Chineur, collectionneur et restaurateur de meubles alpins, Jacques Hannotte a sillonné le Queyras pendant près de 40 ans. Il se plaît à manier les noms rares et oubliés des objets, à décrire les gestes de leur usage perdu ou détourné. Et l’économie de moyens dont les paysans ont fait preuve pour arracher leur subsistance à la terre l’étonne encore.
Si l’art populaire des autres régions est souvent muet – anonyme et sans précision de date – , dans le Queyras, on ne trouve pratiquement pas d’objets ou d’outils, même les plus simples, qui ne soient personnalisés, sans doute pour mieux se les approprier. Cette inclination pour graver les dates, monogrammes, signatures, dédicaces ou sentences tient en grande partie au fait que la scolarisation existe dans cette région depuis le XVIe siècle. Le pouvoir de l’écriture n’était pas réservé à une caste de lettrés. Ainsi, du XVIIIe siècle au milieu du XIXe siècle, le nord des Hautes-Alpes constituait un vivier de maîtres d’école qui partaient se louer dans les plaines à la morte-saison.
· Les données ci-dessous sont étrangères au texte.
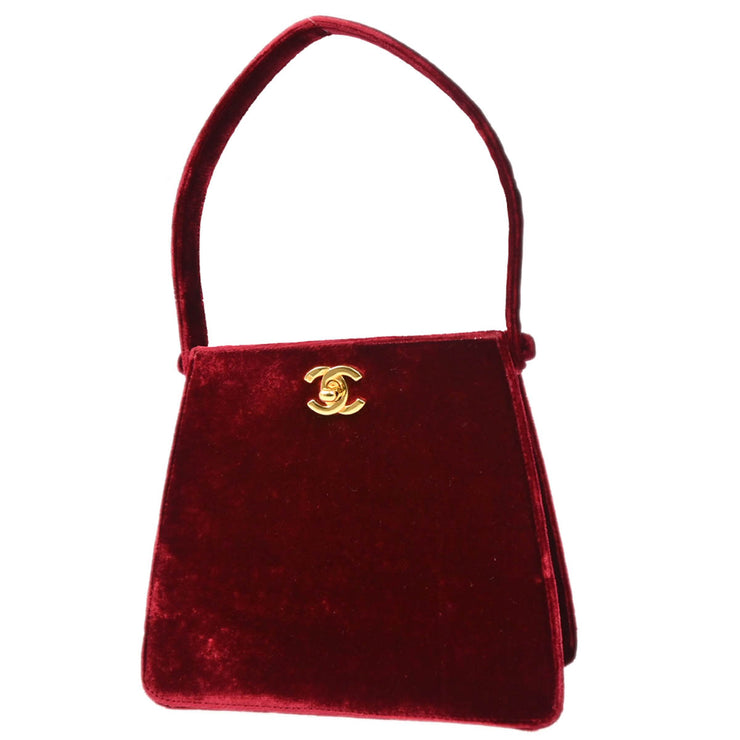 Chanel 1996-1997 Bordeaux Velvet Double Sided Turnlock Handbag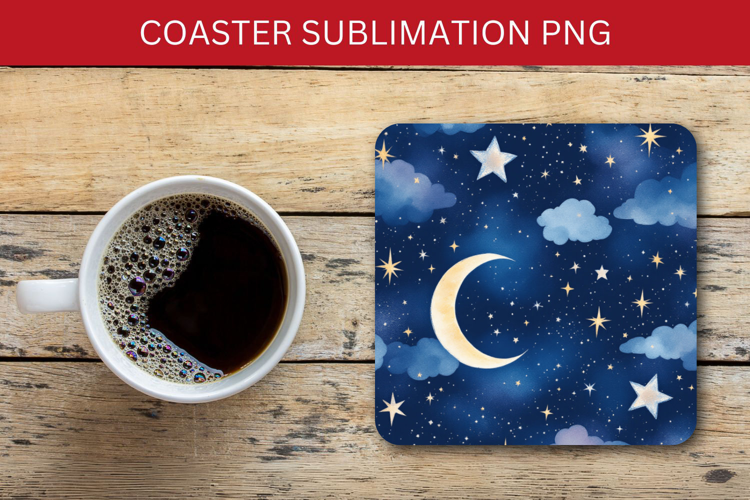 square coaster - moon stars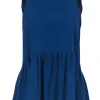 Tibi - Dark Blue Sleeveless Blouse w/ Navy Trim & Peplum Hem Sz 2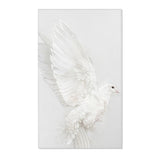 Peaceful Elegance: White Dove Portrait Rug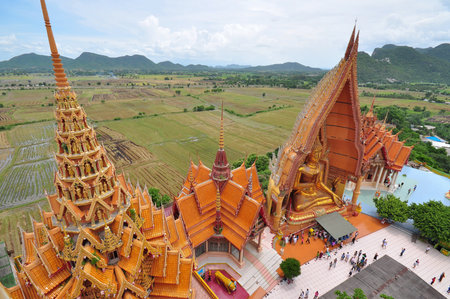 the beautiful temple of thailand in south east asia ancient of buddha design and detail symbolのeditorial素材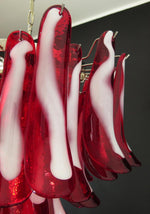 Red Glass Petals Chandelier – Modern Murano Glass Pendant Light for Dining Room and Living Room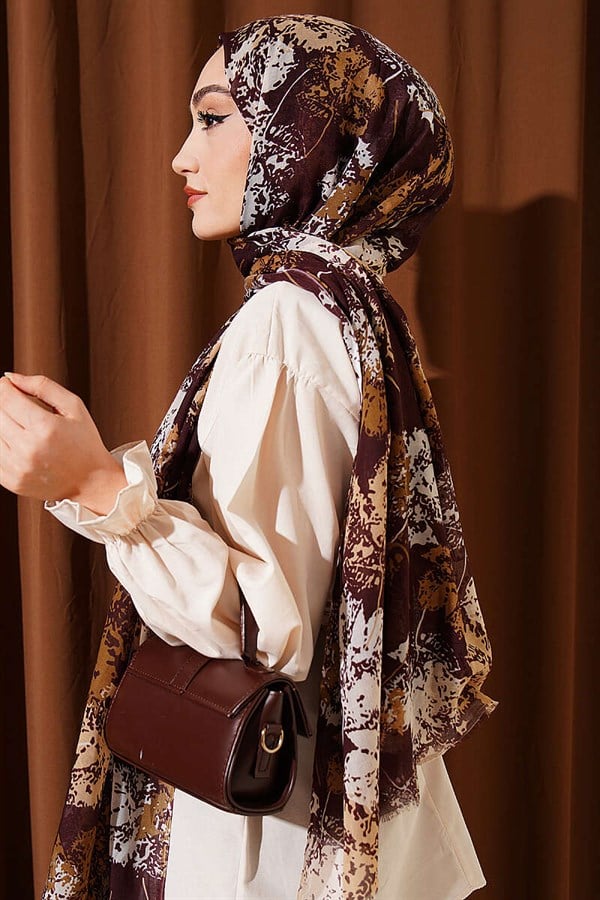 Leaf Pattern Aya Series Shawl Coffee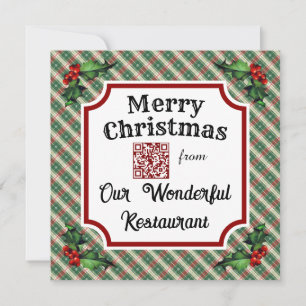 Custom QR Code Restaurant Weihnachten Kariert
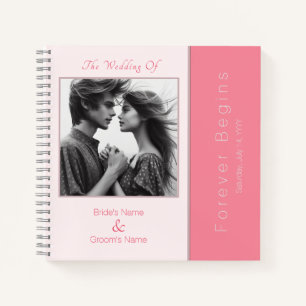 Rose Pink Forever Beginnt Foto Hochzeit Gästebuch Notizbuch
Si les objets de la collection Hannotte témoignent de ce contexte particulier, ils se distinguent aussi par un je-ne-sais-quoi de plus accompli, de plus émouvant. Ces formes, reconduites d’âge en âge, défient le temps et s’imposent à nous par leur qualité plastique.
La pale à chaume entaillée, tel un damier, se joue des pleins et des vides, et affirme ainsi qu’elle n’est pas seulement outil, mais sculpture. Et parmi les oeuvres populaires, celles qui sont stigmatisées ou polies par un usage répété gagnent à nos yeux une charge affective encore plus grande.